При длиннозаплаточной ЭРО после включения первого dNMP репаративный синтез продолжается с заменой 2-20нт и вытеснением или деградацией впереди лежащей цепи ДНК; в клетках высших эукариот этот синтез ведется ДНК-полимеразой-d или ДНК-полимеразой-b с привлечением вспомогательных факторов ( PCNA , RFC , RPA ). Вытесненный участок ДНК удаляется флэп-эндонуклеазой FEN1 (в случае высших эукариот), и одноцепочечный разрыв лигируется (у высших эукариот - ДНК-лигазой I ; рис. 2 ) [ Fortini, ea 2007 ].
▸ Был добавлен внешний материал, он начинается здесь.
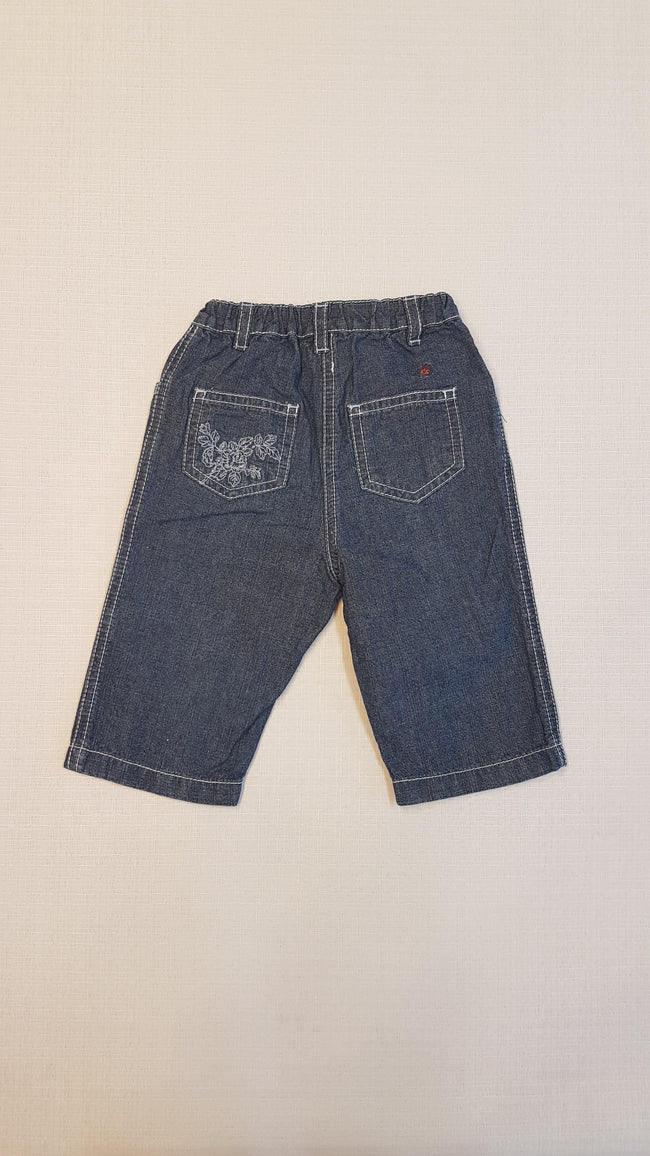 PETIT BATEAU DIVATOS,CÉRNAMINTÁS,GUMIS DEREKÚ, FARMER HATÁSÚ KISLÁNY NADRÁG , ELÖL HÍMZETT LEPKÉVEL-HÁTUL VIRÁGMINTÁVAL DÍSZÍTVE Main Image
Недавно открыты ветви ЭРО, независимые от ДНК-гликозилаз ( инцизионная репарация ) или AP-эндонуклеаз ( рис. 2 ), однако непонятно, насколько важны эти процессы для репарации in vivo.
В данном общем изложении процесса ЭРО отсутствует большое число деталей, которые обеспечивают исключительную надежность и гибкую регуляцию этого процесса. Тем не менее, даже из этого схематического описания понятно, что центральное место в ЭРО в большинстве случаев занимают ДНК-гликозилазы, которые находят в ДНК поврежденное звено и инициируют весь процесс репарации. Таким образом, эти ферменты имеют исключительное значение для поддержания целостности геномной ДНК ; важность этой роли подчеркивается тем, что ДНК-гликозилазы встречаются во всех царствах живой природы, а также в некоторых вирусах [ Eisen, ea 1999 ].